Critique de Tootpadu

Lorsque le cinéma américain veut nous faire frissonner sur la fin des temps, cela se traduit presque toujours par des cataclysmes spectaculaires qui ne laissent que peu de place à une réflexion approfondie sur les conséquences d’un tel événement à l’issue inéluctable. Le premier film de la réalisatrice Lorene Scafaria se démarque sensiblement de cette logique pérenne des scénarios catastrophes, puisqu’il emprunte davantage la voie défaitiste et pourtant passablement optimiste que les frères Larrieu avaient exploré en France avec Les Derniers jours du monde.

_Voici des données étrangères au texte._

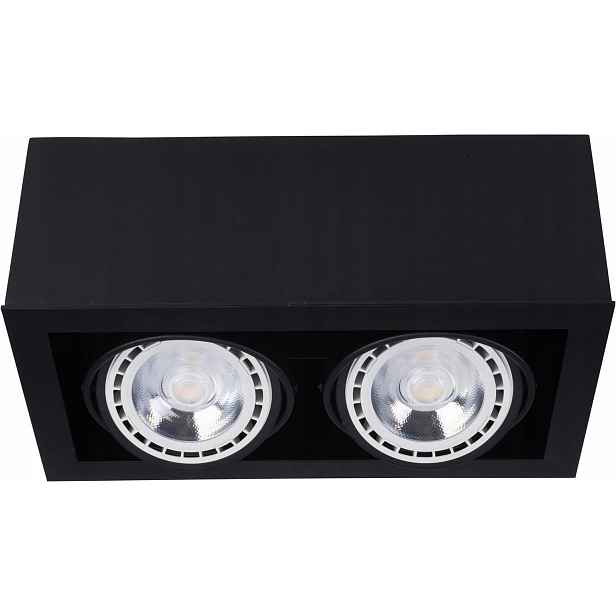 Bodové nástěnný svítidlo Nowodvorski Box Black II Es 9470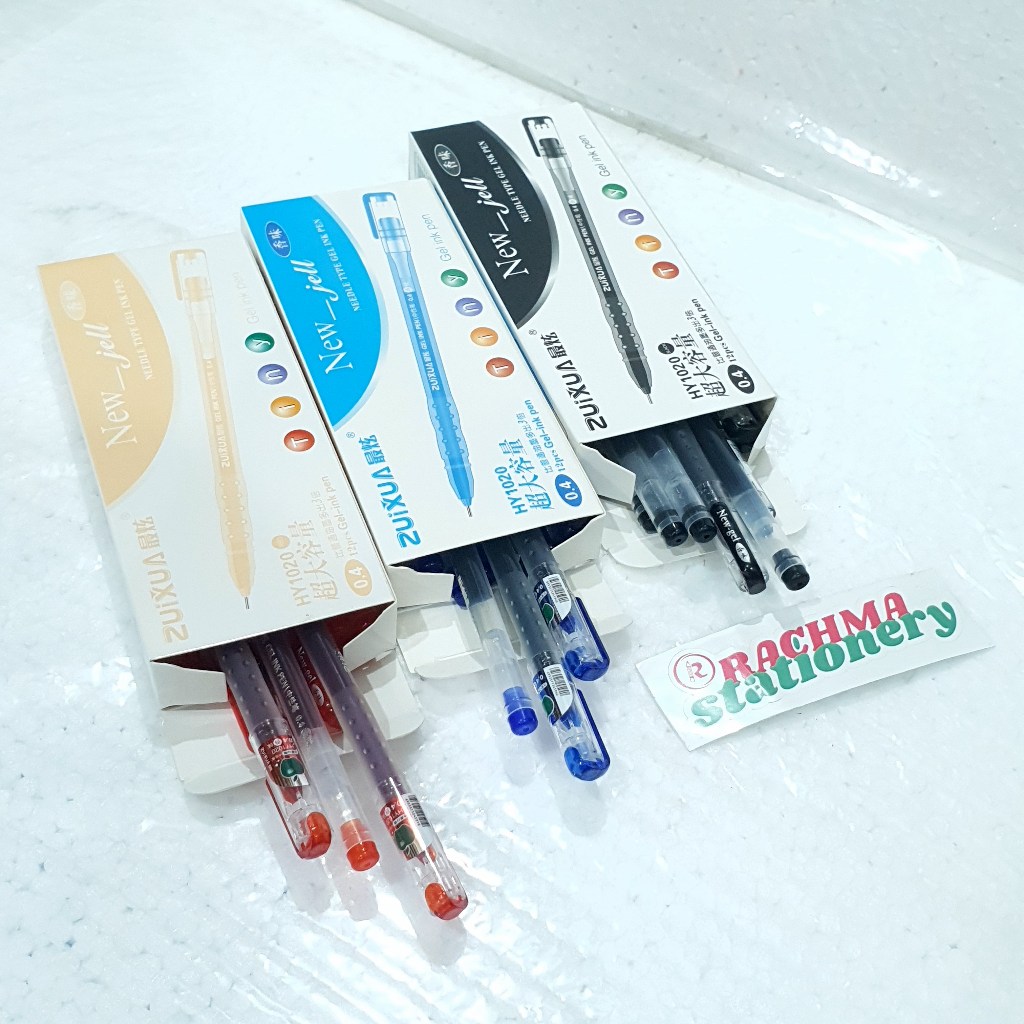 

Bolpen Apel Pulpen Gel 0.4 mm, Pen Gel Hitam, Merah, Biru | ZUIXUA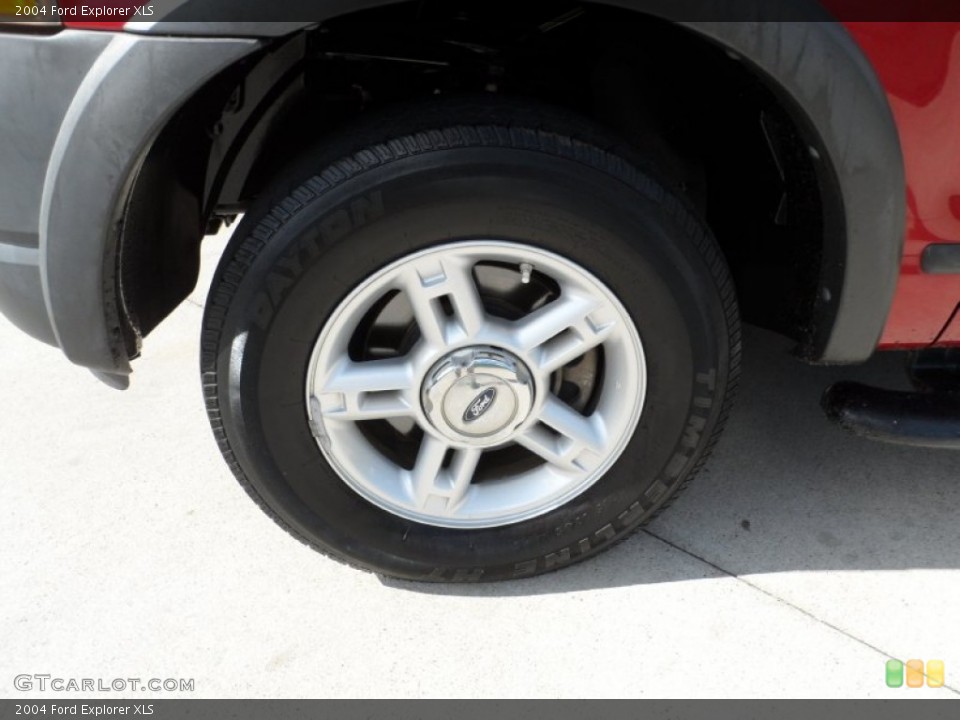 2004 Ford Explorer XLS Wheel and Tire Photo #51692899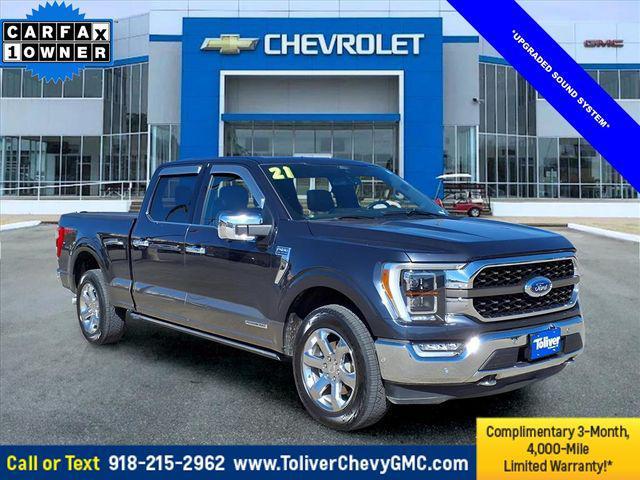 used 2021 Ford F-150 car, priced at $47,713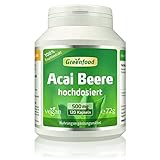 Acai Beere, 450 mg, Extrakt (30:1), 120 Kapseln - die blaue...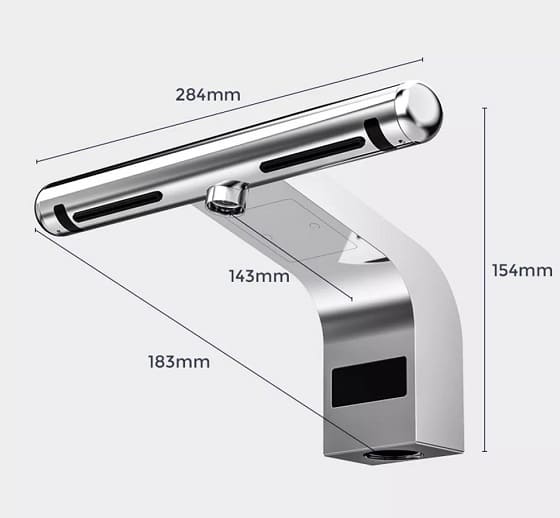 Bản vẽ kỹ thuật vòi lavabo cảm ứng kết hợp máy sấy tay Miken HSD-A3871 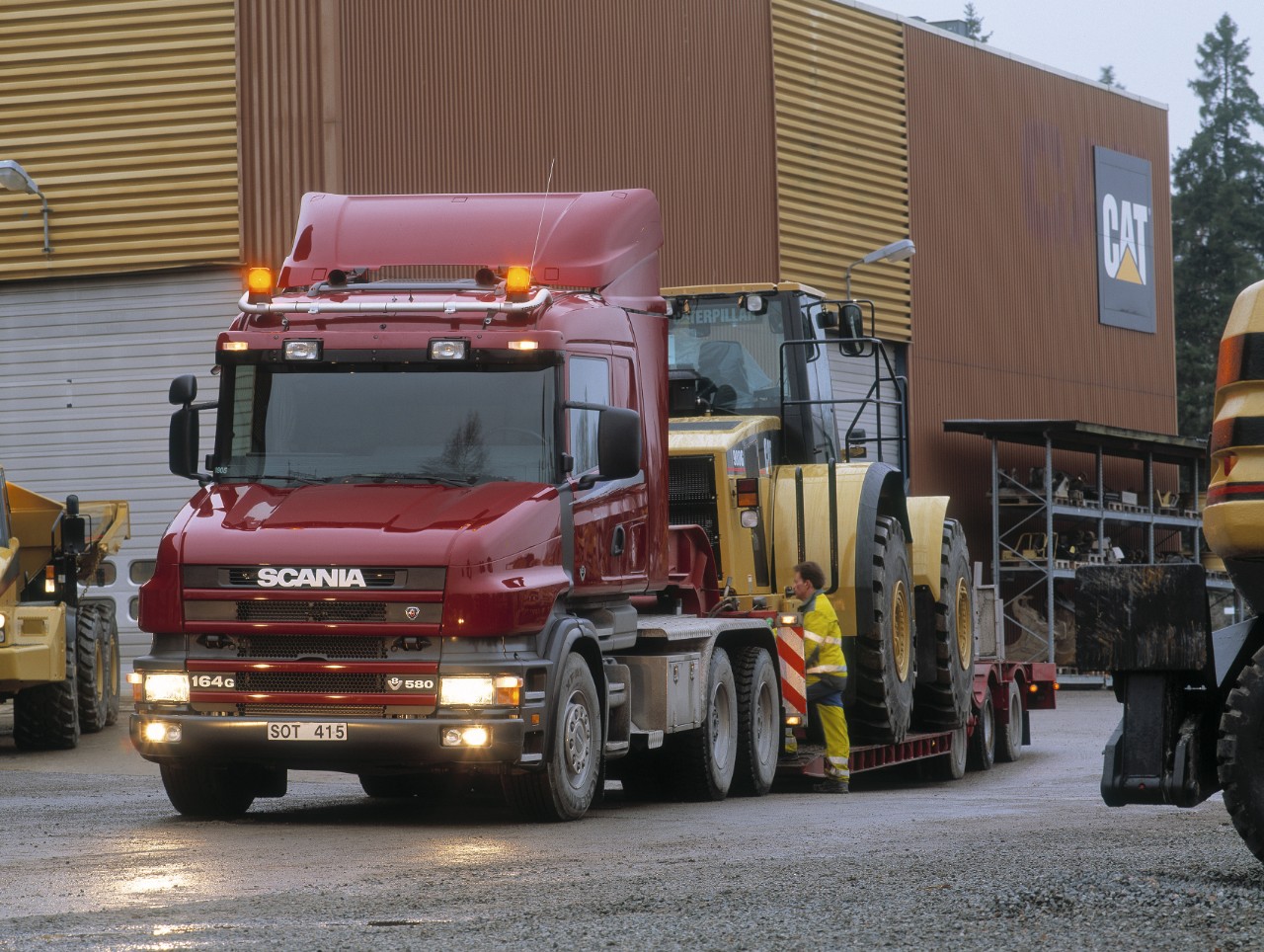 Scania T164 GA4x2 580, heavy haulage.
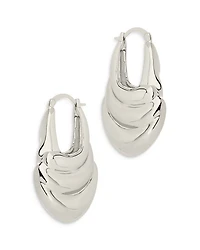 Manon Sculpted Hoop Earrings
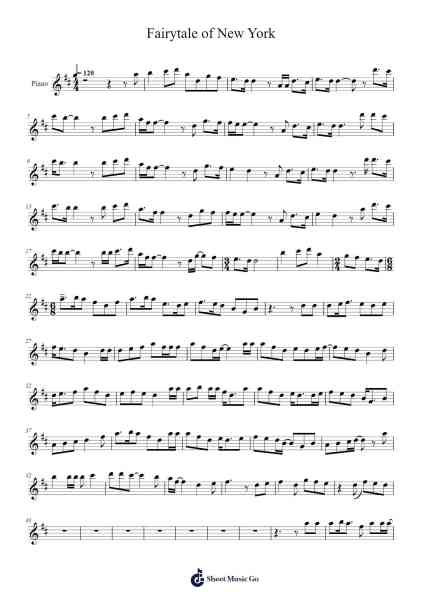 Fairytale of New York Sheet Music by The Pogues-Arr.Jendine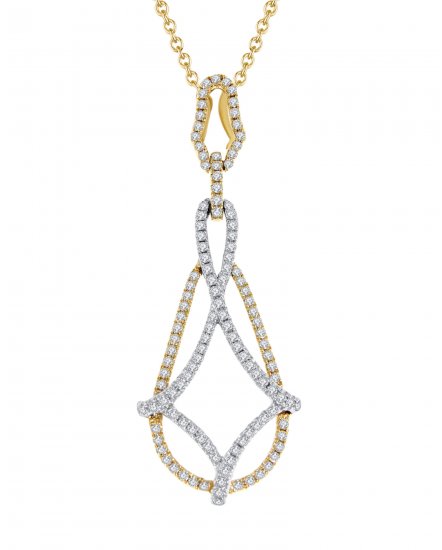 PEAR STYLE DIAMOND PENDANT (TP1386)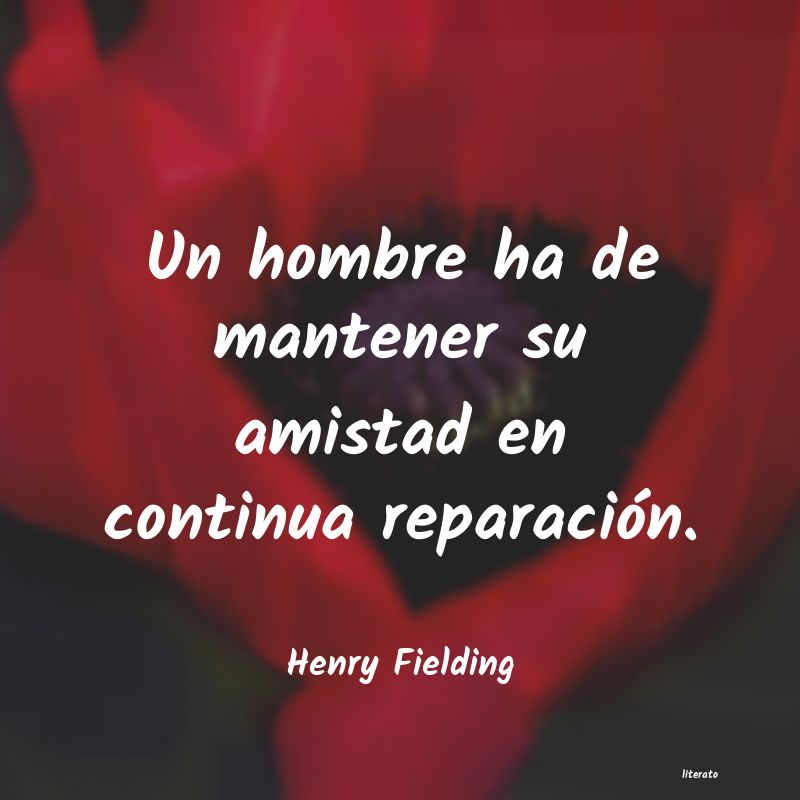 Frases de Henry Fielding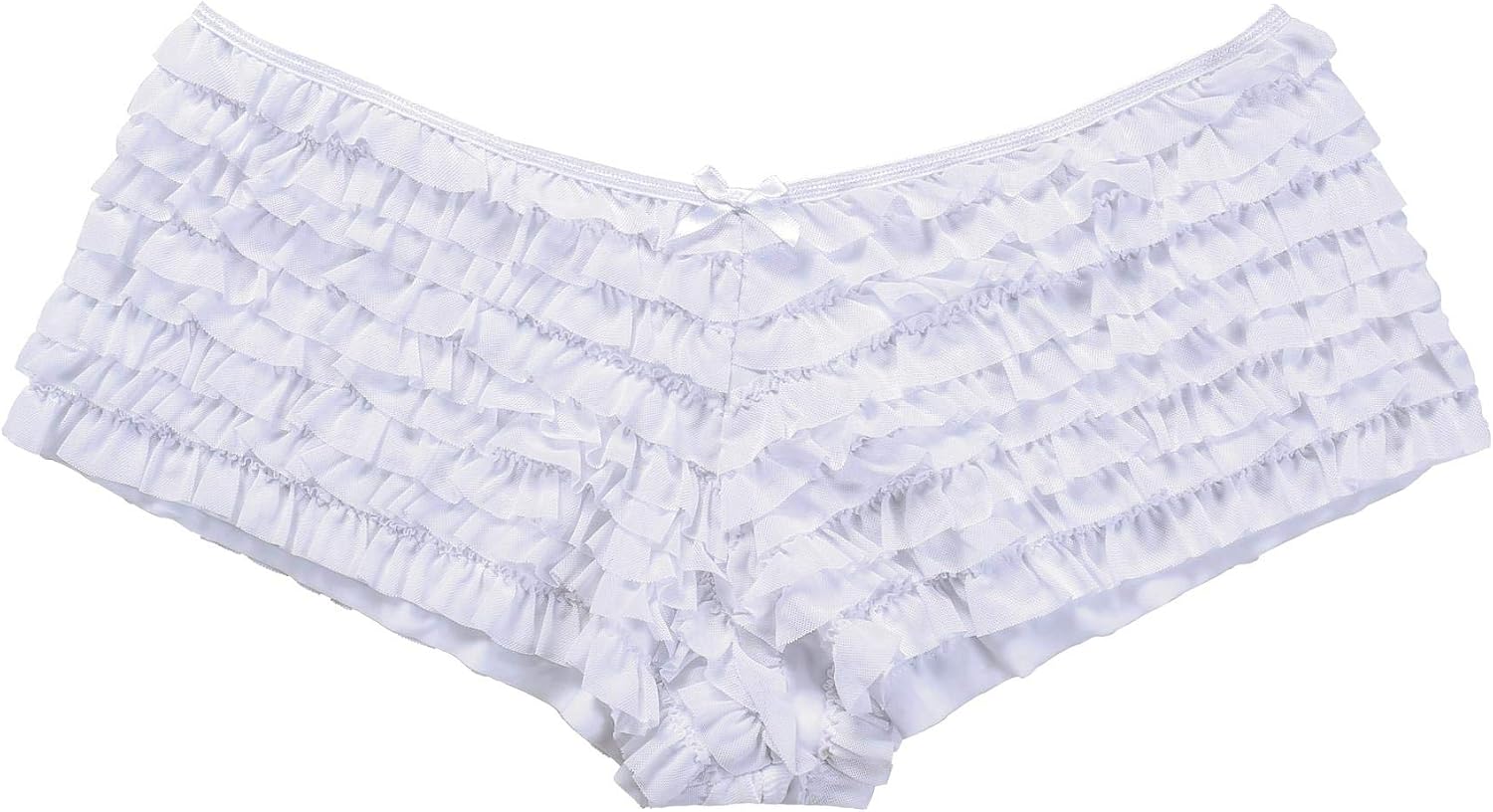 Thumbnail 3 de SHARICCA CR26059 Ruffle Boyshort Panties in Stretch Polyamide-Blend Fabric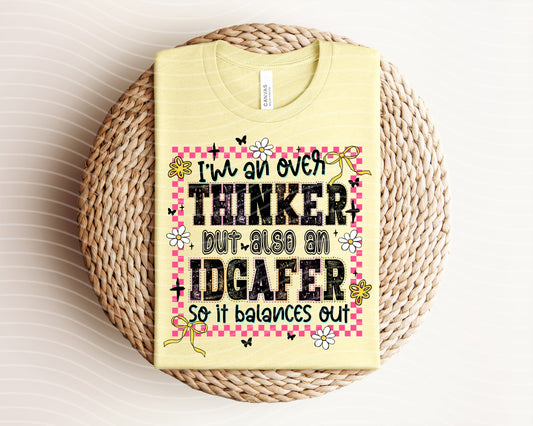 I'm an Over Thinker Graphic Tee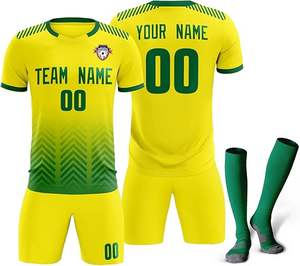 เสื้อเจอร์ซีย์เล่นฟุตบอลแบบระเหิดเต็มตัวแห้งเร็วเสื้อผ้ากีฬาปรับแต่งได้จากโรงงาน - Product Image 4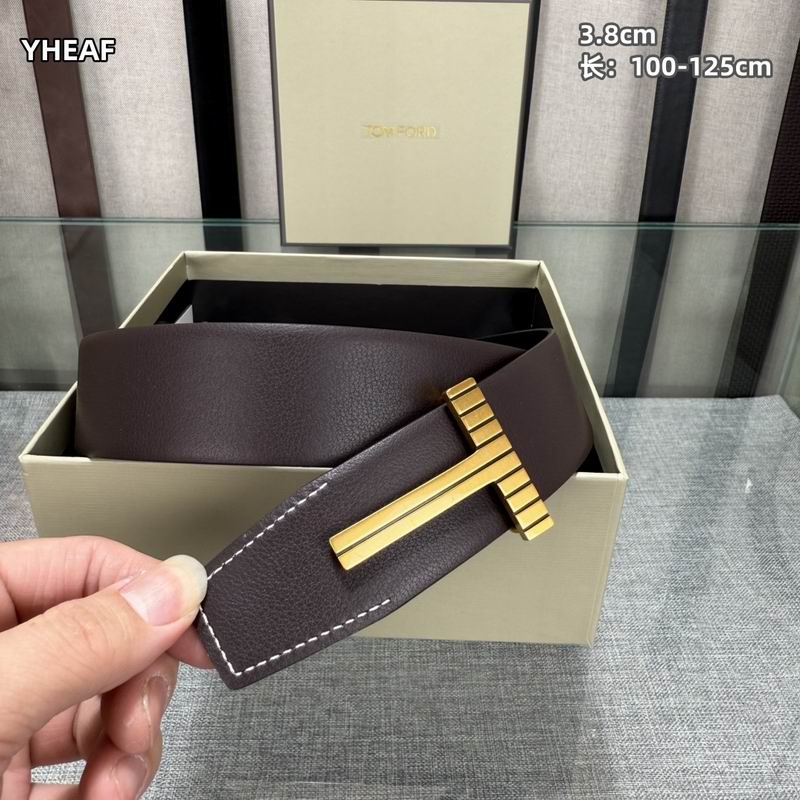 Tom Ford belt 38mmX100-125cm 8L (472)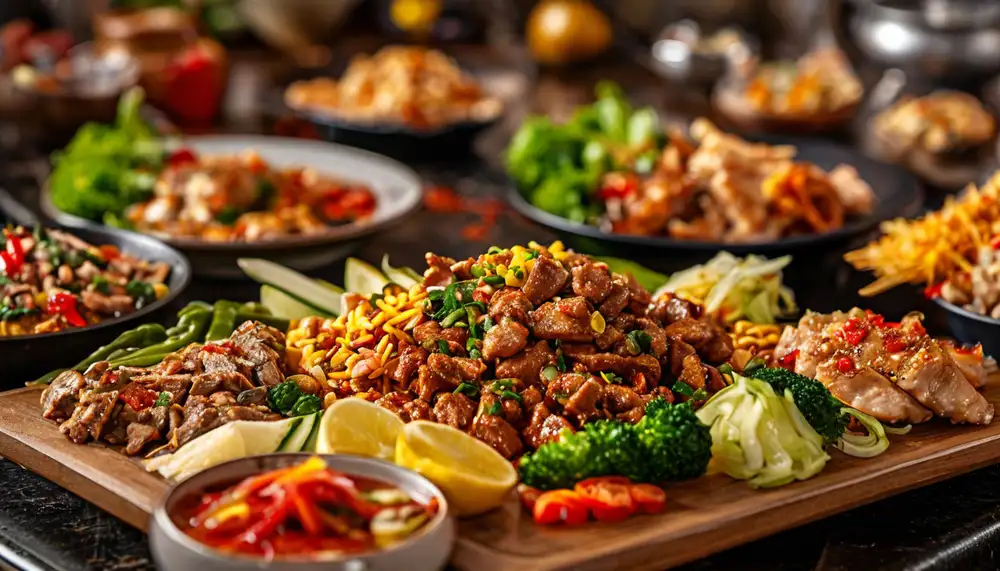 Китайский ресторан в городе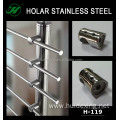 Decorative stainless steel handrail fittings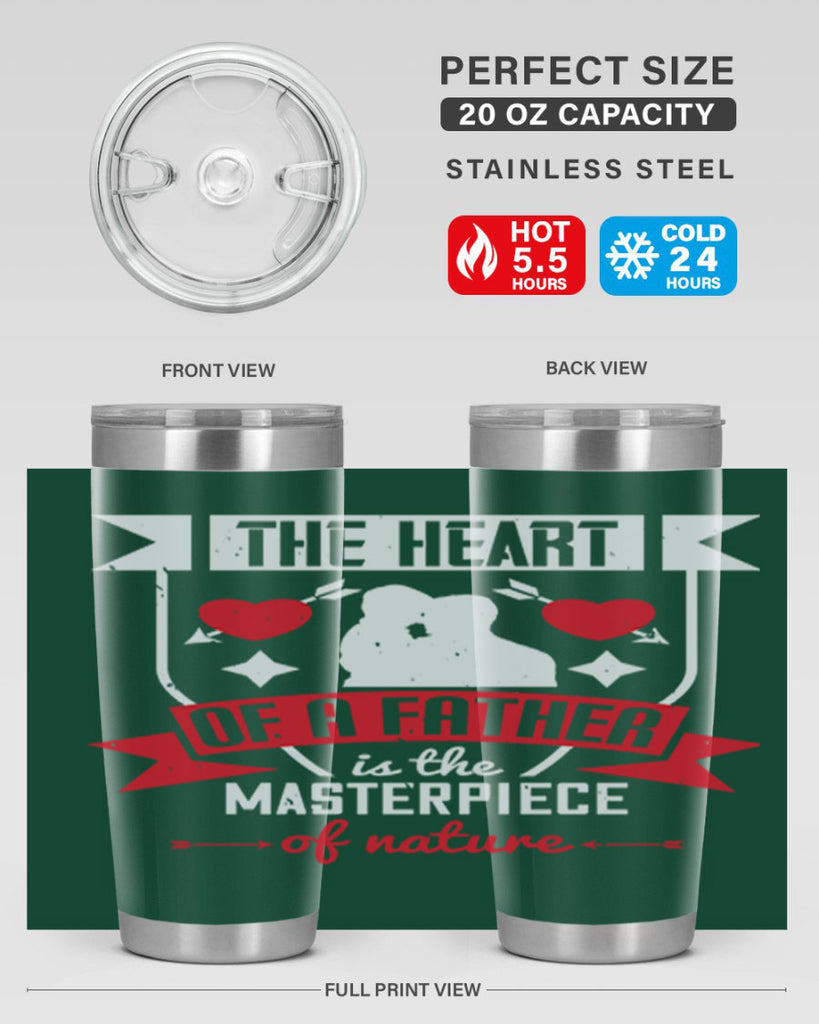 the heart of a father 159#- fathers day- Tumbler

Les étapes successives de l’odyssée d’un héros improbable ne vont pas aussi loin ici, en termes d’absurdité et de perversité, que dans ce dernier. Nous sommes néanmoins sortis étrangement revigorés de Jusqu’à ce que la fin du monde nous sépare, comme si la confrontation romantique avec quelque chose de nullement édifiant nous avait ouvert les yeux sur ce qui compte réellement dans une existence trop souvent perçue comme acquise.
Le récit sait en effet se concentrer avec une sobriété tout à fait appréciable sur l’essentiel dans la quête impossible de la dernière chose qu’un homme et une femme mal assortis aimeraient accomplir avant la disparition de toute vie sur Terre. Il y a certes quelques indicateurs de l’anarchie qui risquerait forcément de gangrener notre civilisation, dès que les enjeux les plus basiques du maintien de l’espèce n’auront plus cours. Mais ces pillages et autres signes de vandalisme gratuit ont au mieux un impact secondaire sur le rapprochement entre Dodge et Penny. Ce sont surtout les moments plus calmes et chastement intimes, alors que le compte à rebours fait défiler les jours qu’il reste à vivre, qui confèrent une force intérieure à leur relation, seulement démentie tant soit peu par une montée finale des eaux de rose tout de même un peu exagérée.
Auparavant, la dynamique de la narration atteint cependant un équilibre plutôt réussi entre les subtilités de ce gain en appréciation mutuelle et les manifestations les plus bizarres d’une société en état de décomposition avancée. Les deux personnages principaux y déambulent en quelque sorte à travers un paysage fantasmagorique, où les rencontres restent brèves et éphémères. Ce mouvement de passage perpétuel sert à mieux indiquer que le cœur de l’intrigue ne se situe pas du côté de la découverte d’aspects insoupçonnés d’un pays avant sa disparition imminente, mais de celui du rapprochement à tâtons de deux êtres qui se seraient royalement ignorés en temps normal. Grâce à une mise en scène qui ne cède jamais au potentiel théâtral, voire tragique, d’une telle romance, cette histoire au dénouement aussi prévisible que déprimant se distingue par une dose considérable de dignité et d’affirmation de la vie, peu importe les circonstances.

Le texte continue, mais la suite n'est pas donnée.